Movies, Science, Now + Beyond

This is what happens to your body when you watch scary movies

Turns out there are benefits to being scared of of your wits.

Heart pounding. Fixed gaze. Tense body. A smile on my face.

This is my state any time I watch a good scary movie. I think they’re an excellent choice for group activities and I’m notorious for forcing friends to join in for two hours of mindless roasting and jump scares.

Though, it turns out that watching horror movies isn’t that much of a waste of time. In fact, along with staving off sleep and instigating a temporary fear of murderers and demons lurking around every dark corner, scary movies actually have health benefits to them.

1. Calorie Burn

A blonde woman in a black dress runs crying through a panicked crowd.
[Image description: A blonde woman in a black dress runs crying through a panicked crowd.] Via GIPHY
For starters, a 2012 study conducted at the University of Westminster found that a 90-minute adrenaline-pumping flick can burn over 100 calories. The Shining was in first place with the average viewer burning 184 calories per viewing. Jaws came in second at 161 calories and The Exorcist landed in at third place with 158 calories burned. 

Dr. Richard Mackenzie, senior lecturer and specialist in cell metabolism and physiology at the University of Westminster, credited this burn to the adrenaline rush.

“As the pulse quickens and blood pumps around the body faster, the body experiences a surge in adrenaline. It is this release of fast acting adrenaline, produced during short bursts of intense stress which is known to lower the appetite, increase the Basal Metabolic Rate and ultimately burn a higher level of calories,”.

We all know what this means… more nachos, please!

2. “Good stress”

A curly, dark-haired woman in a white shirt says "Got me all stressed out", as she backs away.
[Image description: A curly, dark-haired woman in a white shirt says “Got me all stressed out”, as she backs away.] Via GIPHY
Surprisingly, not all stress is bad.

A study at the University of California, Berkeley, found that acute stress is great for improving cognitive and behavioral performance. Through animal testing, researchers found that such stress actually plays a hand in preparing for future stress too. A kind of exposure therapy so your body becomes more alert and you’ll respond quickly to such stresses down the line.

“In the natural environment, where acute stress happens on a regular basis, it will keep the animal more alert, more attuned to the environment and to what actually is a threat or not a threat,” said Daniela Kaufer, associate professor of integrative biology at UC Berkeley.

3. Bones up the immune system

A yellow sponge character sits in front of a TV, smiling and munching on popcorn.
[Image description: A yellow sponge character sits in front of a TV, smiling and munching on popcorn.] Via GIPHY
Published in The International Journal on the Biology of Stress, a study found a temporary increase in the production of white blood cells which usually happens in response to battle infection. 

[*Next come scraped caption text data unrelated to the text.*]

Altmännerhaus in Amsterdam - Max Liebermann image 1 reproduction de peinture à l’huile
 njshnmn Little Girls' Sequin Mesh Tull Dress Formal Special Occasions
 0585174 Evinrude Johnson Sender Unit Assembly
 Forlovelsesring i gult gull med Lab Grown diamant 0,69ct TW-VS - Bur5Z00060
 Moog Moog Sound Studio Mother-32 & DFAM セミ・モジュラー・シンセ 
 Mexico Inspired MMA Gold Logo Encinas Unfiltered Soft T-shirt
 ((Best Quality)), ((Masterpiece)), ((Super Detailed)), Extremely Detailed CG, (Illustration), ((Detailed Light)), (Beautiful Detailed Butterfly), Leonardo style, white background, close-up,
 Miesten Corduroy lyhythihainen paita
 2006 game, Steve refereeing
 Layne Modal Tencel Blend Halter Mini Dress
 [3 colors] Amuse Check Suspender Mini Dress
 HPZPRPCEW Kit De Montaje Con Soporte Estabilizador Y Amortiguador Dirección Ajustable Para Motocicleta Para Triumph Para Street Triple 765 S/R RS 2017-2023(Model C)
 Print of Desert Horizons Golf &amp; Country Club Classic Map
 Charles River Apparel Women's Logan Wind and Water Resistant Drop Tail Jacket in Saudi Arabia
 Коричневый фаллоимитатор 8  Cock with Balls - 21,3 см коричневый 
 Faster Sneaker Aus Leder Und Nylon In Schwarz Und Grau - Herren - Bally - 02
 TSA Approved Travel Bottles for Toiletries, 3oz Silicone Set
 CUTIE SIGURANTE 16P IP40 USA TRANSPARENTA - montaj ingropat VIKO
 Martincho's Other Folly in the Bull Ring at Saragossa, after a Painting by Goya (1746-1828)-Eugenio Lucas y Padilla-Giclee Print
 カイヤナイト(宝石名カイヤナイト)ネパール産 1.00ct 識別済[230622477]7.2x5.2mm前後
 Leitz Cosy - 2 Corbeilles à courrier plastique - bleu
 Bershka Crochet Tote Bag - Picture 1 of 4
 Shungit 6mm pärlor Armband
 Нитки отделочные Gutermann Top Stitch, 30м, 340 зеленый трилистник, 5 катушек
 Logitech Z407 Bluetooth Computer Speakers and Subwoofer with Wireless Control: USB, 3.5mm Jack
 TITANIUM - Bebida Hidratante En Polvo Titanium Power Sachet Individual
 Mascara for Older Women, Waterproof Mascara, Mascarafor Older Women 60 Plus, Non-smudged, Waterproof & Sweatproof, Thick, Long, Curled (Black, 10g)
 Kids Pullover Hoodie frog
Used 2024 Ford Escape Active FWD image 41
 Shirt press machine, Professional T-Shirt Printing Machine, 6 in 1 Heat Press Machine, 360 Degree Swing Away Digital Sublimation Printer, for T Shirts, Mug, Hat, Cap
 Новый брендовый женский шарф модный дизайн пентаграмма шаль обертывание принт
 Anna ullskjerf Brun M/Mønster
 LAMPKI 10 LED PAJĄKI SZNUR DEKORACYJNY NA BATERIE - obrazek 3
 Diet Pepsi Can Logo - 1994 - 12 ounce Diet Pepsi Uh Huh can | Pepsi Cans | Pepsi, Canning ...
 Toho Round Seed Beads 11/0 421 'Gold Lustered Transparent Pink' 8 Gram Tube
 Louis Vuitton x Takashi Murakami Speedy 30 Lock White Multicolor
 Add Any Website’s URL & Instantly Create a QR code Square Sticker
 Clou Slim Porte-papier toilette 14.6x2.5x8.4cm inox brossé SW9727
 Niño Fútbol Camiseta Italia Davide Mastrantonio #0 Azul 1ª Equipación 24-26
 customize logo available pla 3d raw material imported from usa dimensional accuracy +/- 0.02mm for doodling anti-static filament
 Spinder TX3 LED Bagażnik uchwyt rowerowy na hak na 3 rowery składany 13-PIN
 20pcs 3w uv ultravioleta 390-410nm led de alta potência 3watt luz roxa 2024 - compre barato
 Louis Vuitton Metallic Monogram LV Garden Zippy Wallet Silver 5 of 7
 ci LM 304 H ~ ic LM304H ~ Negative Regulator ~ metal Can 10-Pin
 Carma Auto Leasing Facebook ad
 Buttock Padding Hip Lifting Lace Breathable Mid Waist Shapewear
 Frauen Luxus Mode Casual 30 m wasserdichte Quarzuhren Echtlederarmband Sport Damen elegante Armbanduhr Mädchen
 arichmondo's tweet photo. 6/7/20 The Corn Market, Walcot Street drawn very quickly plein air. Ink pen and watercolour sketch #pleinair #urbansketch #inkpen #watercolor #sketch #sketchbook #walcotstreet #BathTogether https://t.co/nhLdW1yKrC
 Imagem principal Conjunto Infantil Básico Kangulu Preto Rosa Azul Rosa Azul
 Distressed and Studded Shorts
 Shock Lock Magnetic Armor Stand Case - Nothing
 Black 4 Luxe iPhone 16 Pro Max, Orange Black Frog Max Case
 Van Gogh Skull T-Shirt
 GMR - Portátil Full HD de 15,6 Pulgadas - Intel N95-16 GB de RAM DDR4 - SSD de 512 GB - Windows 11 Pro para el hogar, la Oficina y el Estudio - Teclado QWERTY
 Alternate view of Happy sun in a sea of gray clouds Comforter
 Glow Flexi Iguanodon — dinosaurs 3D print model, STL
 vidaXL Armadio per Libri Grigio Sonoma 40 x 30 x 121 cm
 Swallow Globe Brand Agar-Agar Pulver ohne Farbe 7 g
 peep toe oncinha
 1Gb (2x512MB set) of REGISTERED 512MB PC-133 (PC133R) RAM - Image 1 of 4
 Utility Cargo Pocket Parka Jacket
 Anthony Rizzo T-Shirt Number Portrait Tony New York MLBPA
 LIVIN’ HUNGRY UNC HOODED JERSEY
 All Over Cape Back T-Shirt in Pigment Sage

This kind of response has been developed over years of evolution, to promote survival, and watching a scary movie flicks on a person’s fight-or-flight response, said Natalie Riddell, an immunologist at University College London. According to her, this response leads to adrenaline which in turn mobilizes the immune system.

Best to fill up your Netflix list with scary movies instead of FRIENDS the next time you fall ill. Or perhaps by employing a steady diet of scary movies under preventive care, we can avoid the flu altogether.

4. Staves off anxiety 

A dark-haired girl in glasses and a black tank grabs a can of chips, pulls one in her hand and leans into a red beanbag in preparation for a story.
[Image description: A dark-haired girl in glasses and a black tank grabs a can of chips, pulls one in her hand and leans into a red beanbag in preparation for a story.] Via GIPHY
There are plenty of ways to cope with anxiety, and apparently, horror is one of them. Theoretically, a horror movie provides a different kind of anxiety, one that stands apart from you and thus, distracts you.

Patricia Grisafi, a freelance writer, published an essay on the topic in Luna Luna Magazine about her own experience of coping through horror films.

“This disconnect makes perfect sense. After all, coping with real-world situations is sometimes intolerable for people with sensitive nervous systems. Dulling our senses with inexplicable horror and violence just might help a disordered nervous system become more amenable to the everyday crises of life,” she wrote. 

The bottom line is that it’s gratifying, but only when emotions can be managed warns Dr. Mathia Clasen who’s been studying the psychological effects of scary movies for near two decades.

“There’s psychological distance when we watch a horror film. We know it’s not real—or at least, some parts of our brain know it isn’t real. Other parts—ancient structures located in the limbic system—respond as though it were real,” he said.

These are all excellent reasons to plan a horror marathon. However, if you’re someone who detests scary movies, the aforementioned health benefits won’t apply to you. The chronic stress would outweigh the benefits.